Radical Listening by Karin Woodley

Karin Woodley

Karin Woodley

In a Better Way, we’ve been talking about creating organisations ‘without walls’ which truly focus on the people in our communities. Radical listening can help to change our organisations back into authentic change makers and catalysts for significant and inclusive social action.  This blog explains how we have applied in my organisation, Cambridge House.

In my, never so humble opinion, our sector has been walking a pathway to self-destruction for a very long time.

In response to our funding environment, we’ve created paternalistic organisational cultures that victimise and alienate our so-called ‘beneficiaries’ by breaking down service-users’ lives into small, disjointed and disconnected units of problems.

The unintended consequences of this approach are that we stigmatise our service users, fail to disrupt stereotypes or combat oppression, and the value of our work is regulated and constrained by private sector modelling, paternalism, and the patriarchal value-led requirements of funders, stakeholders and the state.

Radical listening is a process that enables us to disrupt stereotypes, tackle social injustices and transfer control of our organisations back to the people we work with. It helps us to regain control of our destinies so that we do what matters most and has real value to our service users.

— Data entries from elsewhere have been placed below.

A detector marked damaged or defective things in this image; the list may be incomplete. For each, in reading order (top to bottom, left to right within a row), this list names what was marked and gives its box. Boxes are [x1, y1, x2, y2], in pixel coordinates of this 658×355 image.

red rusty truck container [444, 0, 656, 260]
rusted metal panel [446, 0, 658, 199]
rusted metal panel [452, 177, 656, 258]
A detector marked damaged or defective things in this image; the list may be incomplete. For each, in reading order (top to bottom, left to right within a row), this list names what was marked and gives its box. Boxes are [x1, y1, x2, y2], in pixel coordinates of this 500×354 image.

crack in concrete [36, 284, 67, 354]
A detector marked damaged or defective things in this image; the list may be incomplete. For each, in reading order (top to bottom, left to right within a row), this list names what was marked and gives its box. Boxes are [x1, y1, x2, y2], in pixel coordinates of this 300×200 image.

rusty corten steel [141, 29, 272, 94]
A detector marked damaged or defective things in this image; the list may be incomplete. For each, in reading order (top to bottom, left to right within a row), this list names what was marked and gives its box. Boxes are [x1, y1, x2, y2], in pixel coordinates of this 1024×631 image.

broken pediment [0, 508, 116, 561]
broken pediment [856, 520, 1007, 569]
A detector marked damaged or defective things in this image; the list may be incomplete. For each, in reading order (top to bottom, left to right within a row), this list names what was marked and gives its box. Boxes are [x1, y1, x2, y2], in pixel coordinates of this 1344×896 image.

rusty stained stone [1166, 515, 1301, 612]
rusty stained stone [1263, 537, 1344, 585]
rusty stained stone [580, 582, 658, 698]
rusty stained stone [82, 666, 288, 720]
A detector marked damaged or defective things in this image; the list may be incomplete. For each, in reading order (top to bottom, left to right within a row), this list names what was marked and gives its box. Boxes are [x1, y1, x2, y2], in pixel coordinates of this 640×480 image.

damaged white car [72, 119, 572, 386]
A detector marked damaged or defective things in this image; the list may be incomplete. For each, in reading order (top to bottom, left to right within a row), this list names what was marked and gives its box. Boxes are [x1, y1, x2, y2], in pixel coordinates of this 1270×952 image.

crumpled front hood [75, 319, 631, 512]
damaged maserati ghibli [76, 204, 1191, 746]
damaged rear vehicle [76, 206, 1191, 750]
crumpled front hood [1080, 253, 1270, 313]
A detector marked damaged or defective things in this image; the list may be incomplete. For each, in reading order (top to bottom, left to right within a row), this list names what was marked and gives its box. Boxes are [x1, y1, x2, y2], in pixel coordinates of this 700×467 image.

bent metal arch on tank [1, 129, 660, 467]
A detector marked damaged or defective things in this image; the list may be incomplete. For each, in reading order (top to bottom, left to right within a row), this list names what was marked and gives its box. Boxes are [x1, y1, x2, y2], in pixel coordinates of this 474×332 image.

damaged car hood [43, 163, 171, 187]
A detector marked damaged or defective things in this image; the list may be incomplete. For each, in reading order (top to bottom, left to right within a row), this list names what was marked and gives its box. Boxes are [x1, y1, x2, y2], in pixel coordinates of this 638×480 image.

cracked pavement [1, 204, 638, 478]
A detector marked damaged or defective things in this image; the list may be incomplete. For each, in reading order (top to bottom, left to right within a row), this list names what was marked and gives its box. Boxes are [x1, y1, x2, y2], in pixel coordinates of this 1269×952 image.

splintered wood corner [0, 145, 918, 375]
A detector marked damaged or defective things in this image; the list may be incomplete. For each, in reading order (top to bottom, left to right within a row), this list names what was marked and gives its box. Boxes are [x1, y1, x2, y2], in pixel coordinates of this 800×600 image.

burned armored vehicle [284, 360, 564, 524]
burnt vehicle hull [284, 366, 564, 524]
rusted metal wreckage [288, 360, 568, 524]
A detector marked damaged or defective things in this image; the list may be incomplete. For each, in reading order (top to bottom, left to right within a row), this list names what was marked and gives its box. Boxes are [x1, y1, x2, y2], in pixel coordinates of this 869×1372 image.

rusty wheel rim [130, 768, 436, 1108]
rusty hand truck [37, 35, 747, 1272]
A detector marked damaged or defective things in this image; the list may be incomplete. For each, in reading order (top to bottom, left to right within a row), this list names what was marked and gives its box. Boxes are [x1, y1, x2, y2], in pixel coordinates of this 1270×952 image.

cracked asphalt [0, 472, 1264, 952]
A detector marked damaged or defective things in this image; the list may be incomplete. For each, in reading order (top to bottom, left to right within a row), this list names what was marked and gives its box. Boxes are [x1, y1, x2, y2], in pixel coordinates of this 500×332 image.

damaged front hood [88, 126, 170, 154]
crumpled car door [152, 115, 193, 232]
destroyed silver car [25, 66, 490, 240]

Radical listening drives a liberatingly authentic and creative culture of ‘outside-in’ continuous improvement. It stops us tinkering with existing approaches and enables us to make fundamental change that is rooted in our knowledge of what matters most to the people we were established to support.

To become radical listeners, we need to realise that our communication with service users is frequently undermined by us saying too much and filtering what we hear with our own preconceived notions.

Unfortunately, our ‘hearing’ has become contaminated by our funders’ values and measures and our institutional attachment to the ways we believe we’ve done things successfully in the past.

The starting point for radical listening is believing that the lived experiences of those we work with need to be more clearly reflected by the lived experiences of our own teams.  

This brings up the thorny issue of diversity and inclusion and our failure to ensure that our service users see themselves reflected throughout the governance and staff structures of our organisations.

Culturally exclusive norms are not tackled by devising volunteering and training programmes that recruit inexperience and put training in the hands of a structure that demonstrably lacks diversity and cultural competence.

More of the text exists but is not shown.